-- DATA FOR ANALYSIS follows --

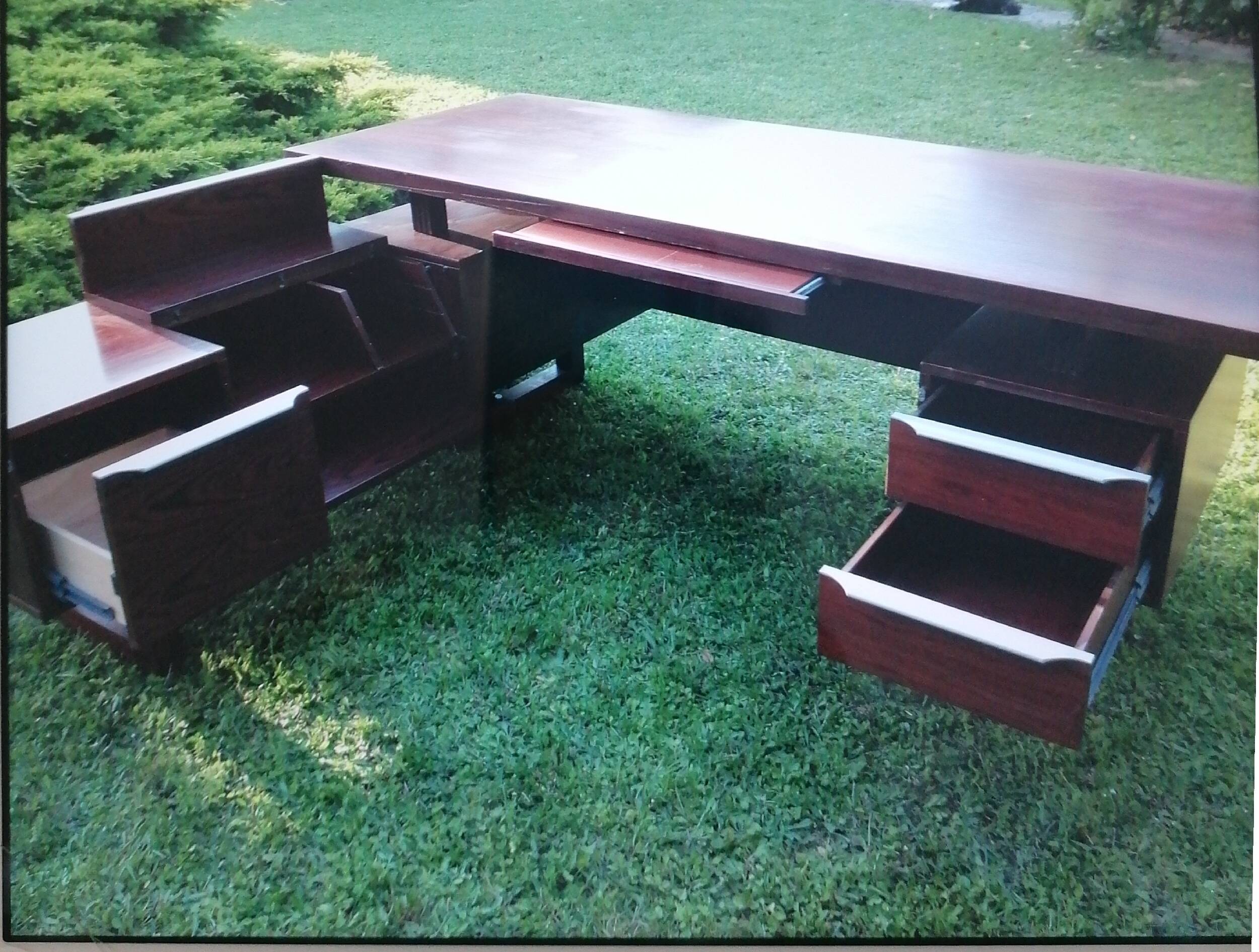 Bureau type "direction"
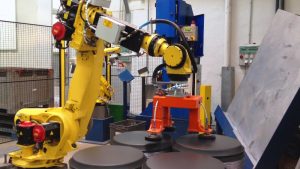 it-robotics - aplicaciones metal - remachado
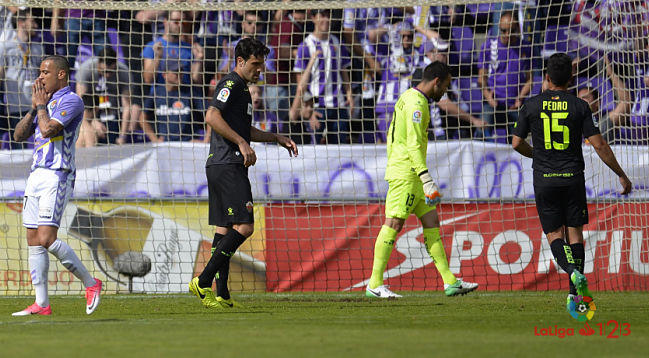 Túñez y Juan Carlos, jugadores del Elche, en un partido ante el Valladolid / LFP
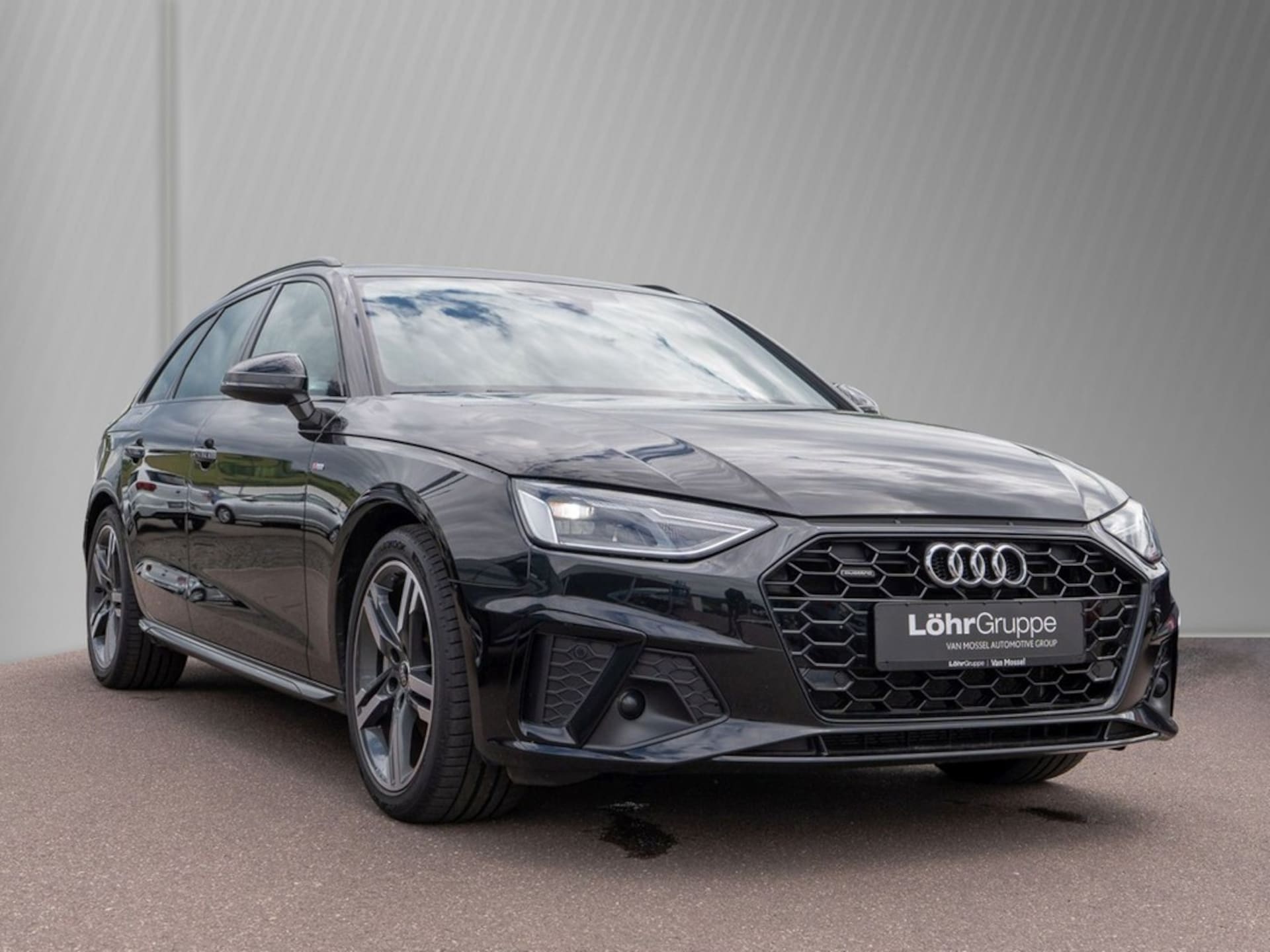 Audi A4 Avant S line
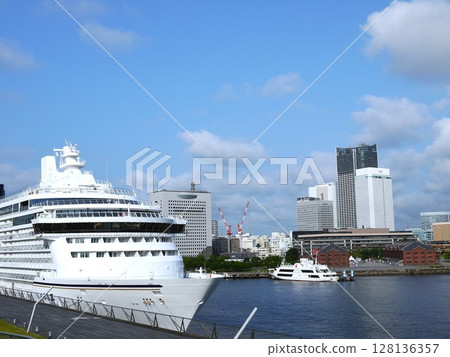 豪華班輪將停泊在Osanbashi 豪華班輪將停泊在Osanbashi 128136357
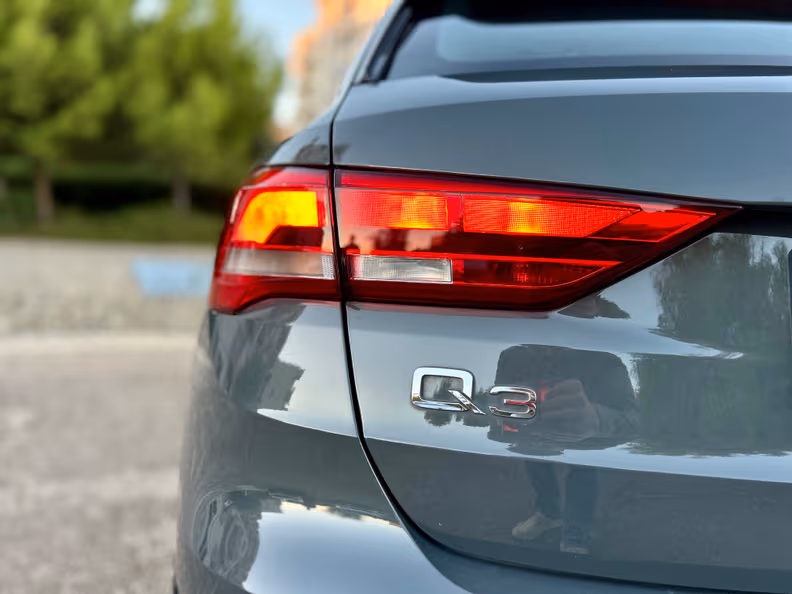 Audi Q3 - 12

-- DATA FOR ANALYSIS concluded --
-- DATA FOR ANALYSIS follows --

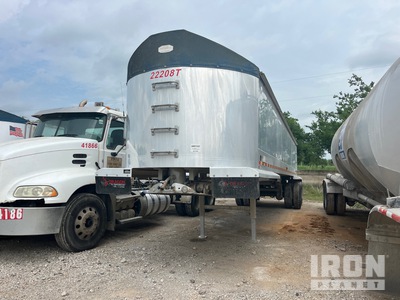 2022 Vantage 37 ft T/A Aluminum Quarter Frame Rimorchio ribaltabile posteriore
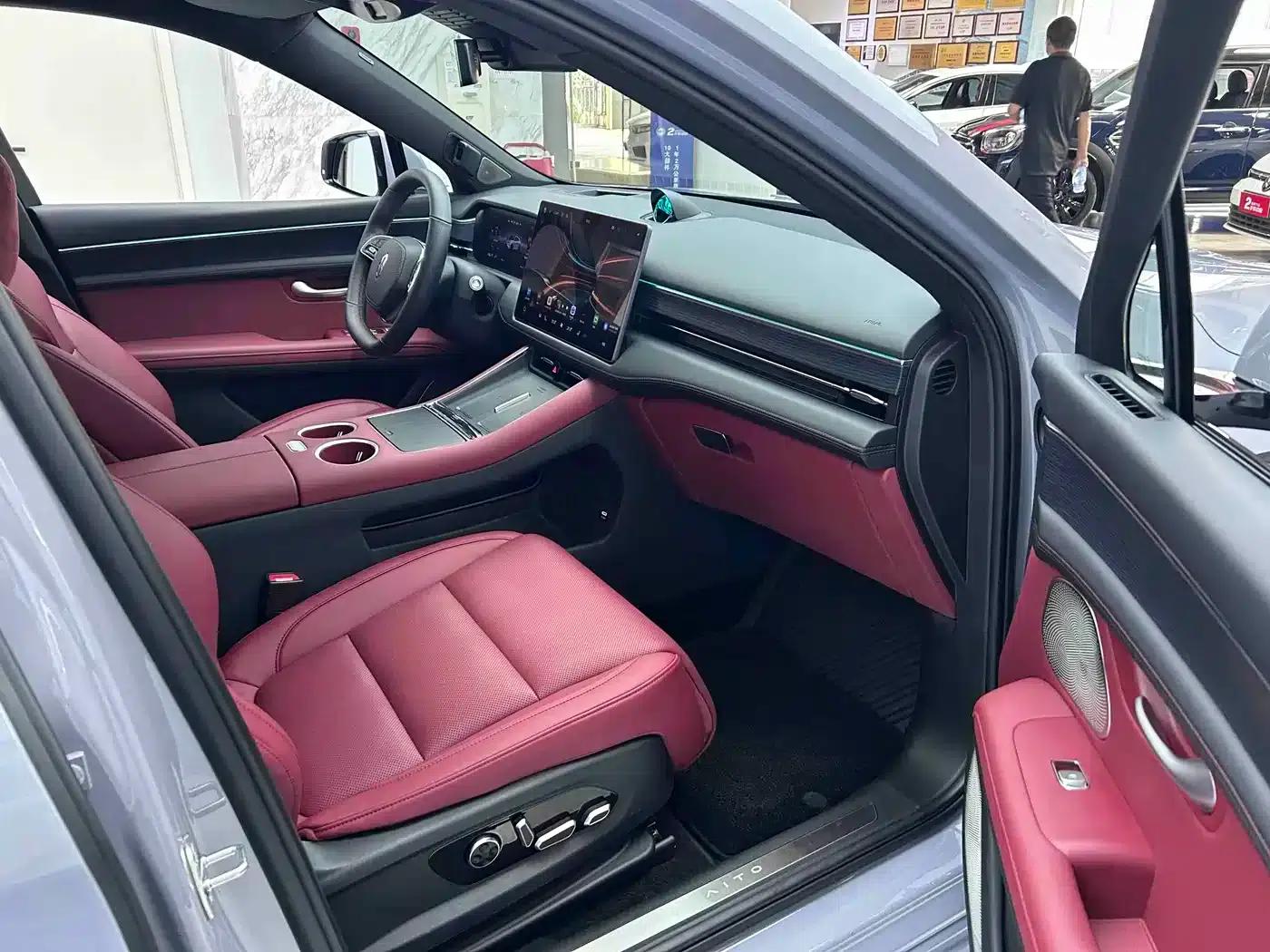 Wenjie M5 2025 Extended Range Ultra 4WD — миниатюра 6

-- DATA FOR ANALYSIS concluded --
-- DATA FOR ANALYSIS follows --

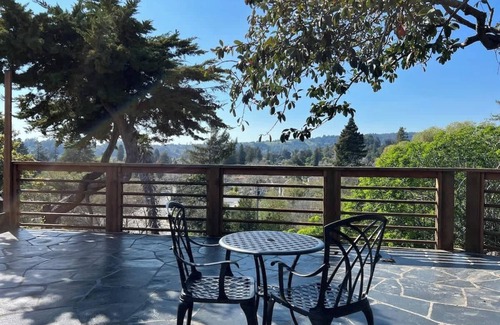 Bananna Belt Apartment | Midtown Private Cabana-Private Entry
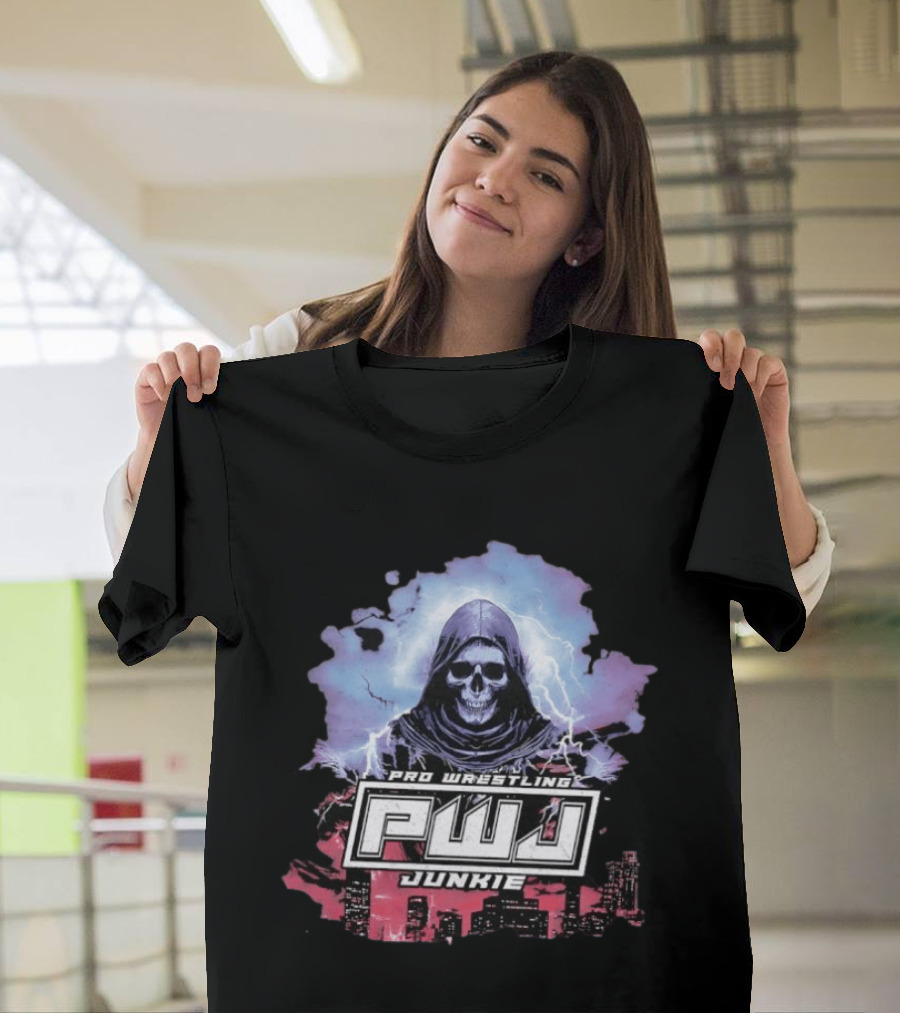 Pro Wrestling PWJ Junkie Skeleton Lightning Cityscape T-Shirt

-- DATA FOR ANALYSIS concluded --

PROBLEM STATEMENT: Retype the lines above exactly as they appear, from the line containing "Audi A4 Avant S line" through the line containing "Audi Q3 - 12", and leave out any pictures.

TASK RESULT:
 Audi A4 Avant S line
 豪華班輪將停泊在Osanbashi 豪華班輪將停泊在Osanbashi 128136357
 Audi Q3 - 12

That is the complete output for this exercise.